“She came from a family of fliers, people in this business. A space family rather than an army family … Nothing fazes her, and if it does you’d never know it. Ripley was pretty inexperienced, this was the biggest job she’d had. She was by-the-book because of the inexperience. In the course of the story, she has to go from earnest infant to full-on survival mode – like an animal.”
~ Sigourney Weaver, Empire Magazine, 2009.
Dan O’Bannon’s Alien script featured an all-male crew of six with one important disclaimer: “The crew is unisex,” it reads, “and all parts are interchangeable for men or women.”

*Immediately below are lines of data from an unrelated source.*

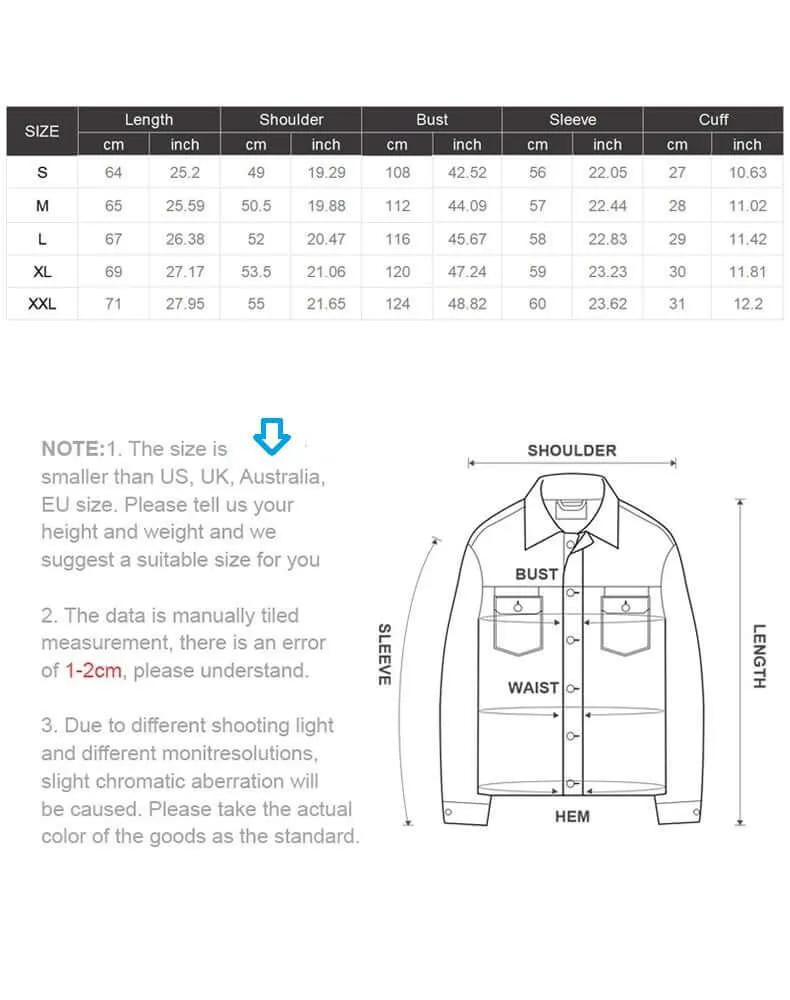 Men's Heavyweight Michigan Chore Coat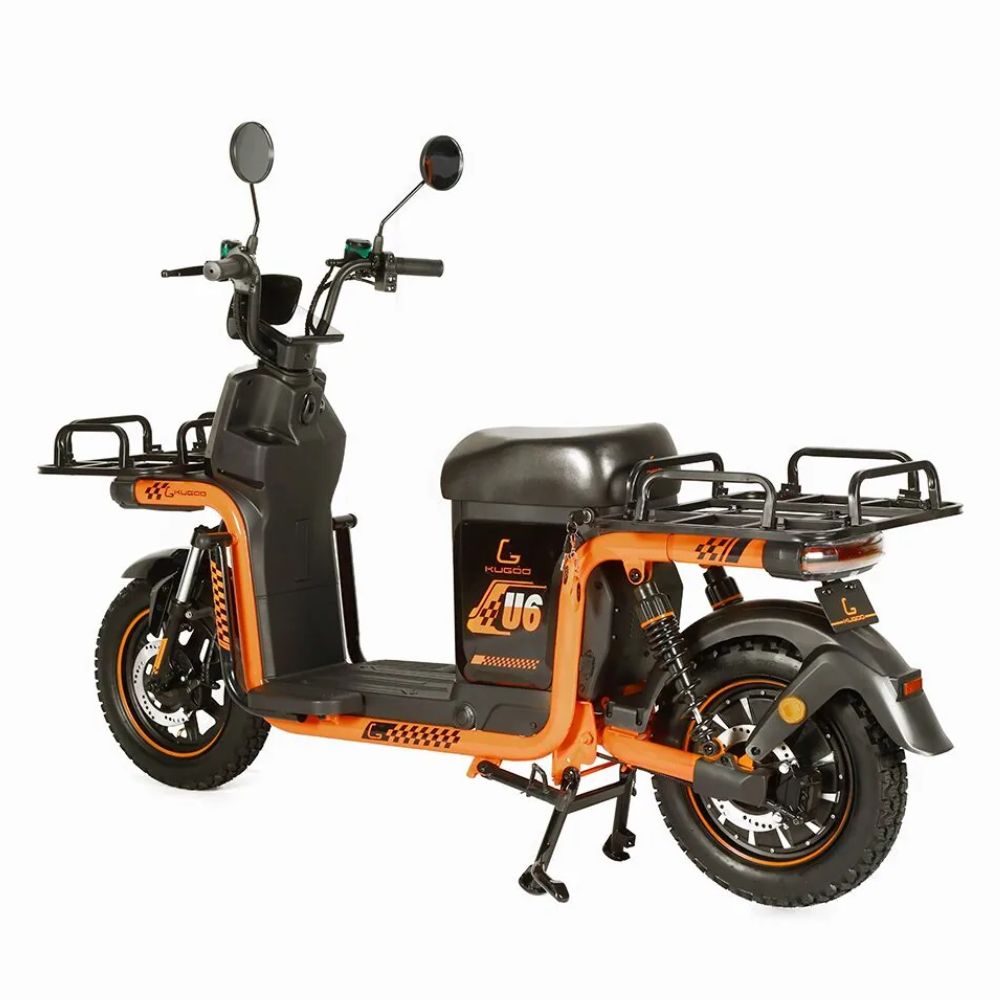 Электровелосипед Kugoo U6
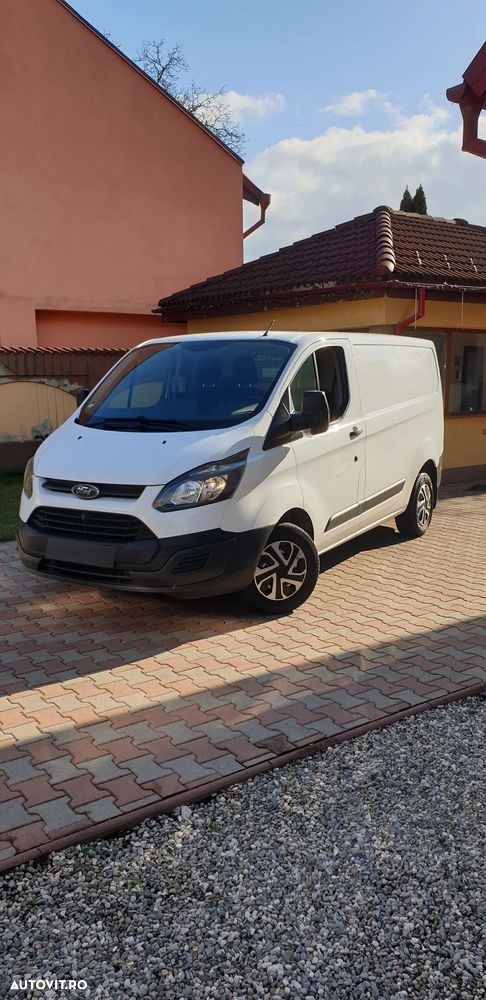 Ford Transit Custom L1H2 VA Basis - 1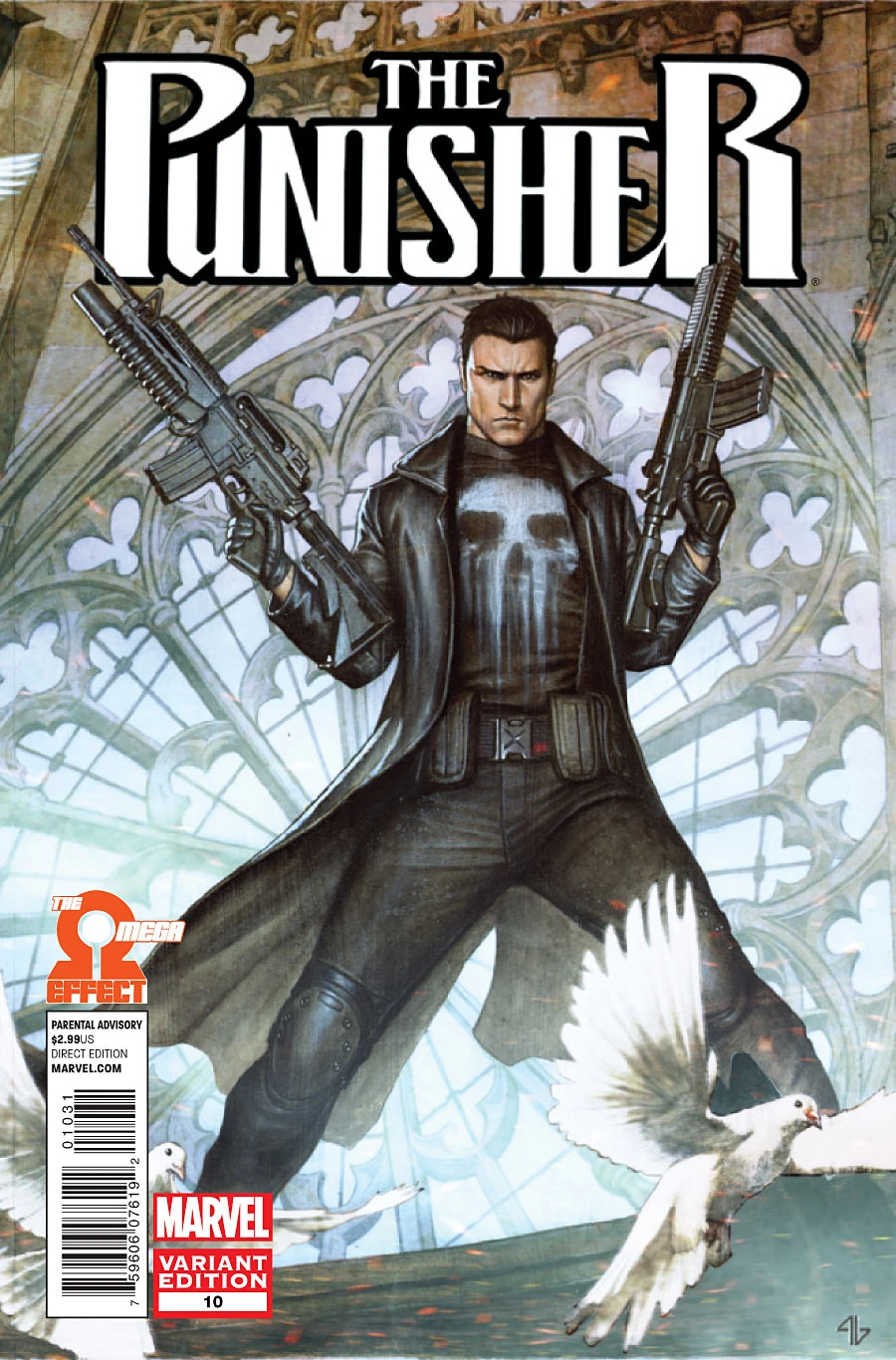 Heft (Adi Granov Variant)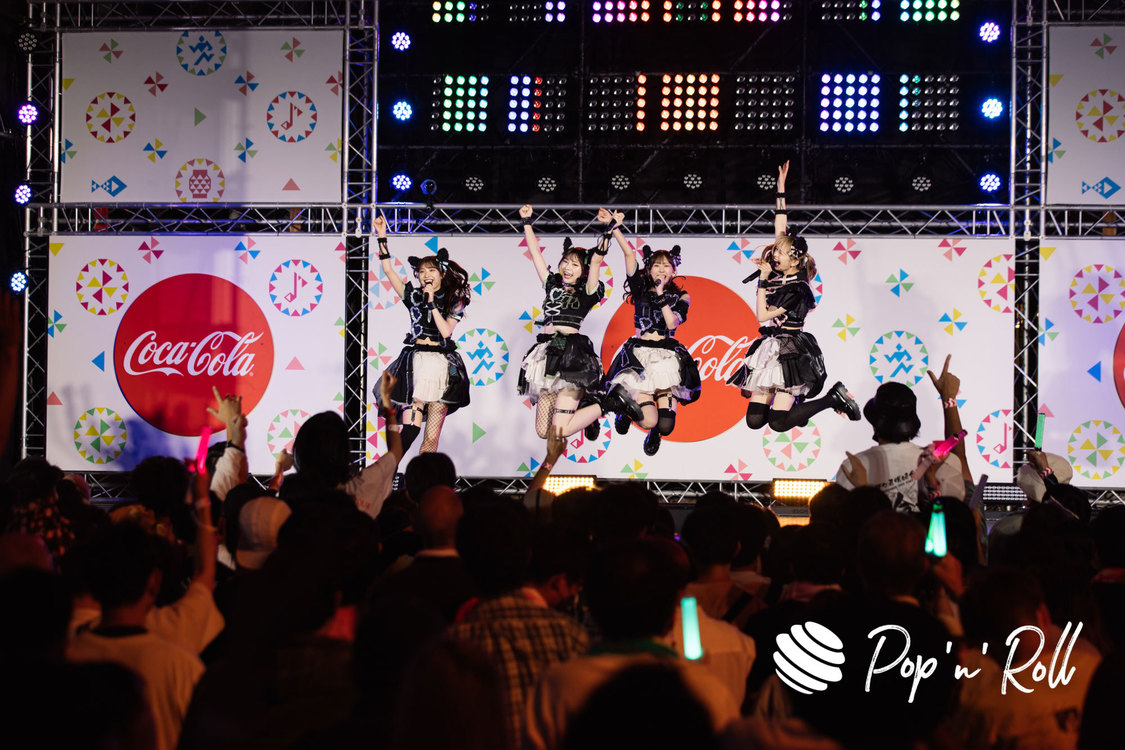 わーすた＜六本木アイドルフェスティバル2023＞六本木ヒルズアリーナ（2023年7月29日）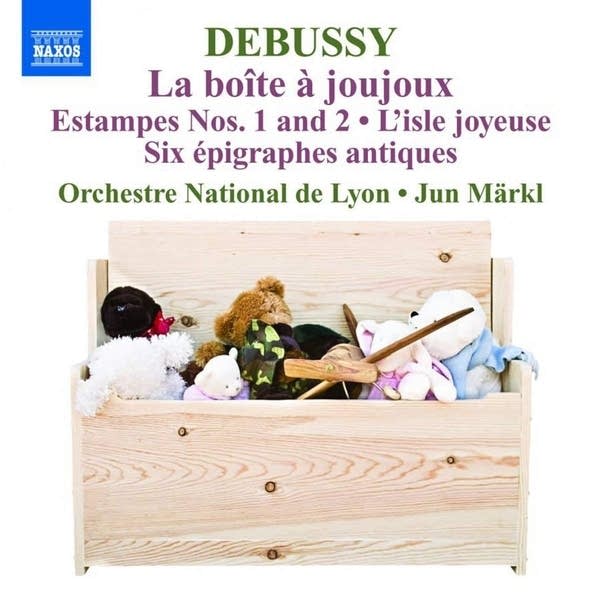 Claude Debussy - The Triumph of Bacchus
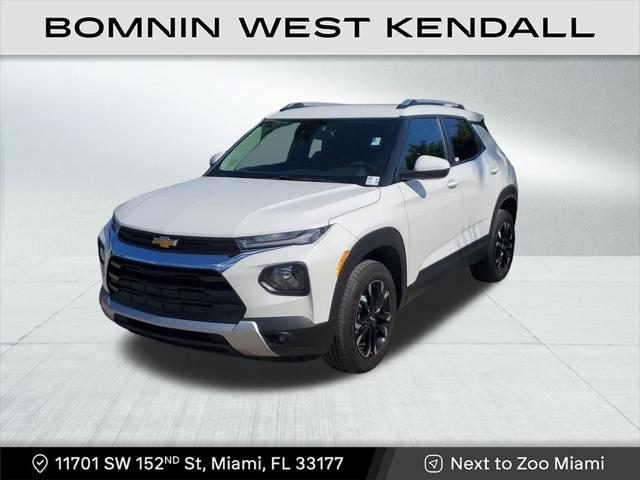 2023 Chevrolet Trailblazer AWD LT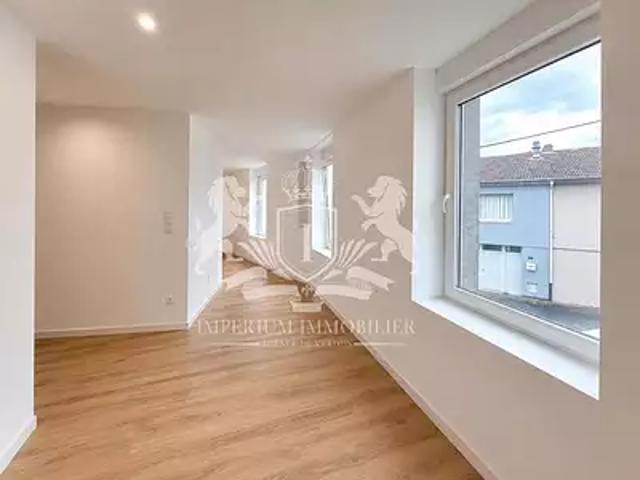Pont Saint Vincent 54550 Achat / Vente appartement 5 pièces t5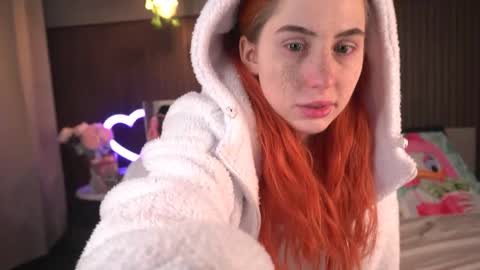 Snapshot of pinkestmango chatting on February 2026 02:46:02 PM Tgirl Sophie online show from February 2026 02:46:02 PM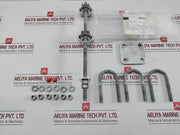 Dbi Sala 6100090 Suporte Da Linha Fixa Da Torre / Tower Fixed Line Support Set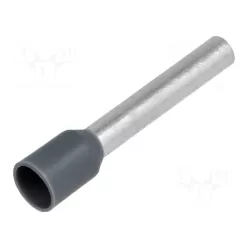   BM - Érvéghüvely 4.0mm2 L= 18mm szig 100db/cs BM 00509 (1100509)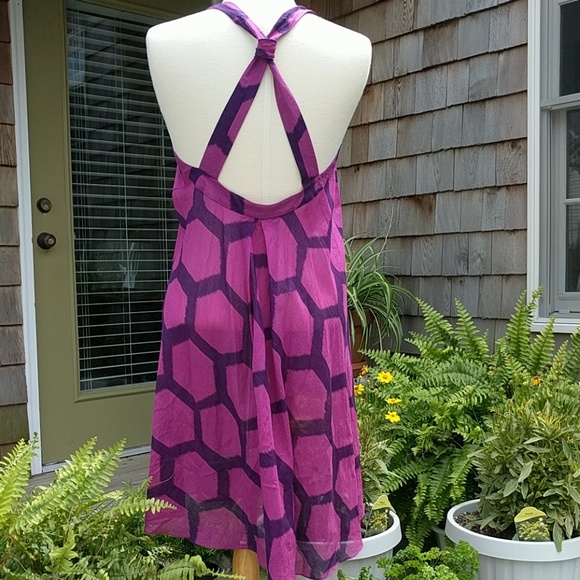 Tibi Cotton Dress size Medium - Picture 2 of 5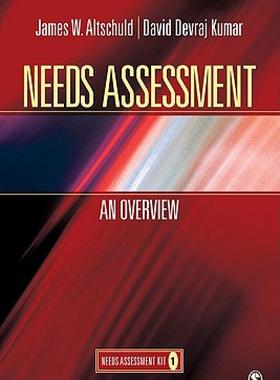 【预售】Needs Assessment: An Overview: Needs Assessment Kit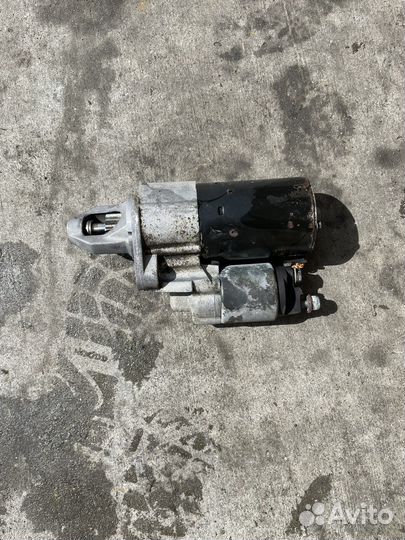 Стартер Mercedes W203 W204 W211 W212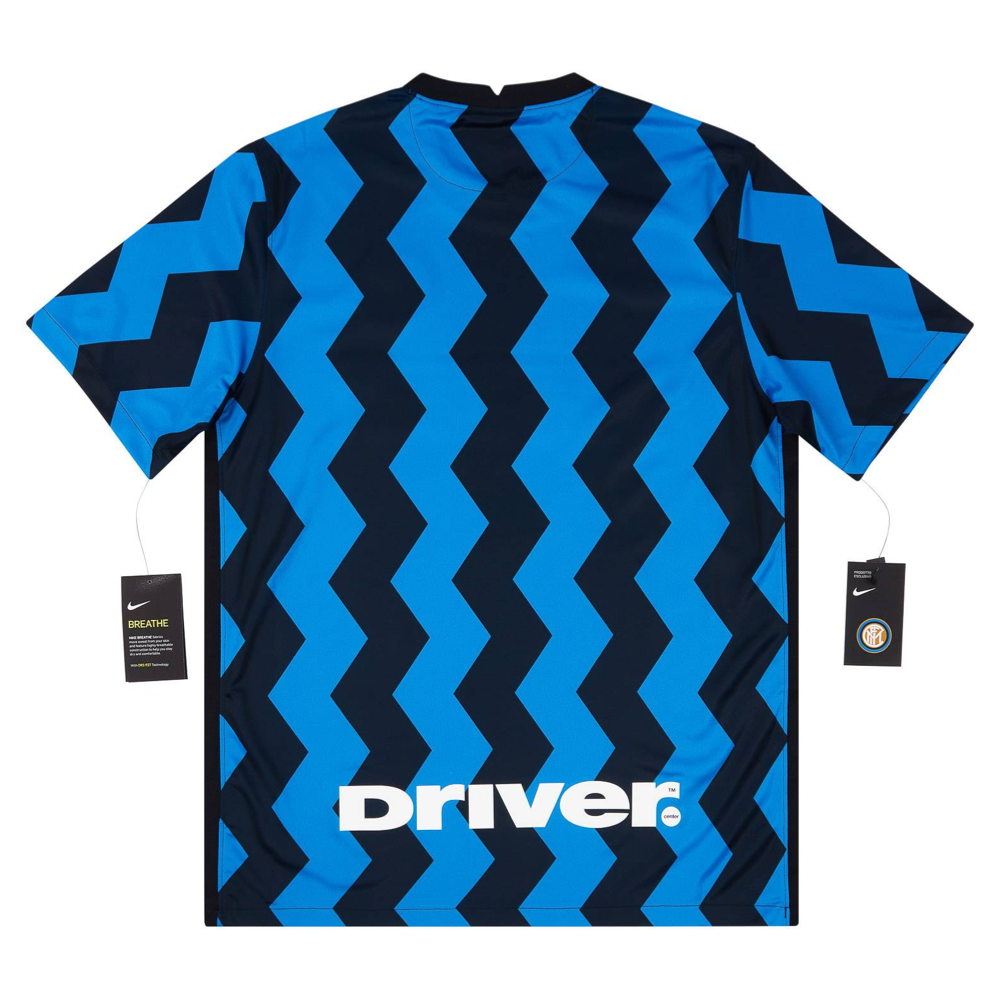 2020-21 FC Internazionale Milano Home Shirt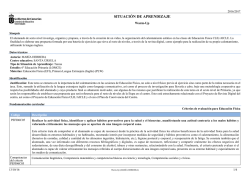 Warm-Up - Gobierno de Canarias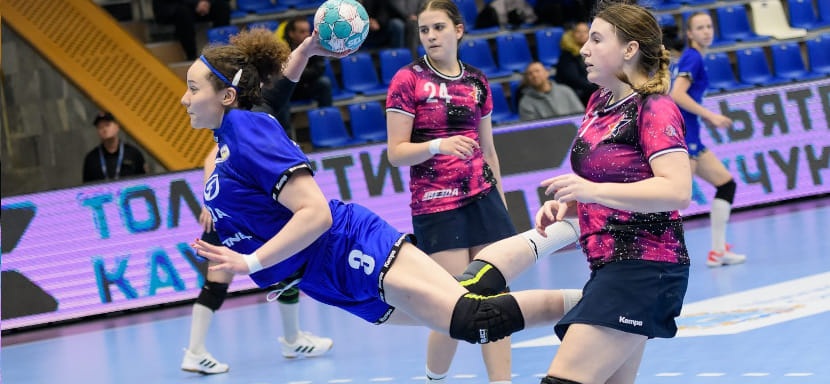 "Надеюсь, что Майкоп встретит меня тепло". Линейная "Лады-2" Екатерина Салахова проведёт сезон-2025/26 в АГУ-"Адыиф"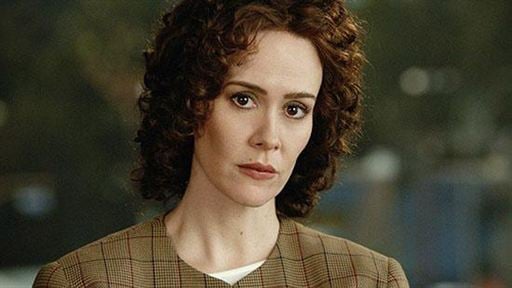 Sarah Paulson: 'Ce que m'a donné  Ryan Murphy c'est une carrière, sans équivoque. Ma collaboration avec lui m'a donné de la valeur en tant que performer en me mettant au défit de jouer des choses dont je ne pensais même pas en être capable. Ça m'a vraiment propulsé !'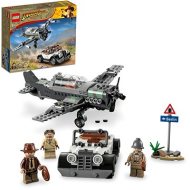 Lego Indiana Jones 77012 Naháňačka s lietadlom - cena, porovnanie
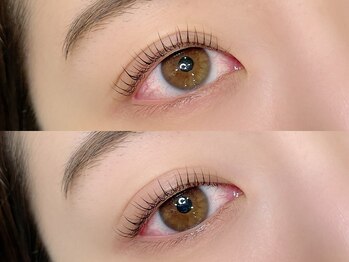 シル シェノン(cil shenon)/根元立ち上げデザイン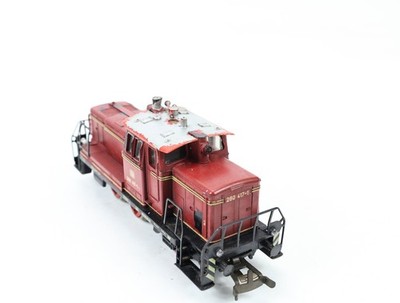 Märklin H0 3065 Diesellok 260 417-1 DB / TELEX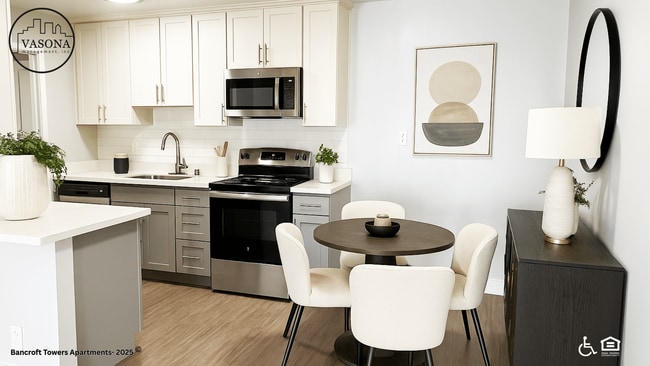 Foto del edificio - Bancroft Towers Apartments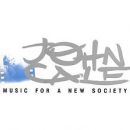 álbum Music for a New Society de John Cale álbum Music for a New Society de John Cale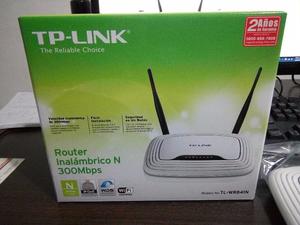 ROUTER INALAMBRICO TP-LINK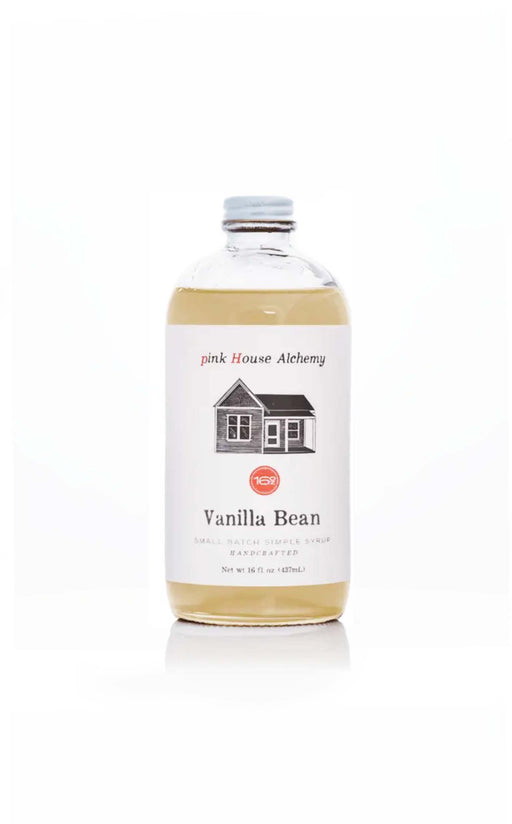 Pink House Alchemy - Vanilla Bean Simple Syrup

The character that would become Warrant Officer Ripley was at first known as Martin Roby. Roby is the ship’s Executive Officer, and is described in the script as being “cautious but intelligent – a survivor,” which shows no real marked difference from the Ripley we know. Many of his scenes are carried over to the final movie. He refuses to allow the others back on board when they return from the pyramid/silo; is suspicious of the facehugger’s prolonged presence on the ship even when his crew-mates have relaxed somewhat after leaving the planetoid; and he ultimately takes the lead and survives the Alien’s onslaught along with the ship’s cat.
“Having pretty women as the main characters was a real cliché of horror movies,” O’Bannon told Cult People, “and I wanted to stay away from that. So I made up the character of Ripley, whom I didn’t know was going to be a woman at the time … I sent the people of the studios some notations and what I thought should happen and when we were about to make the movie the producer [Walter Hill] of the film jumped on it. He just liked the idea and told me we should make that Ripley character a woman. I thought that the captain would have been an old woman and the Ripley character a young man, that would have been interesting. But he said, ‘No, let’s make the hero a woman.'”
O’Bannon wasn’t the only one to have some slight reservations about making the lead character a female. Producer David Giler also thought that having Captain Dallas as the female on-board would be interesting, but Hill was adamant. He told Film International that, “David had suggested making the captain a woman. I tried that, but I thought the money was on making the ultimate survivor a woman.”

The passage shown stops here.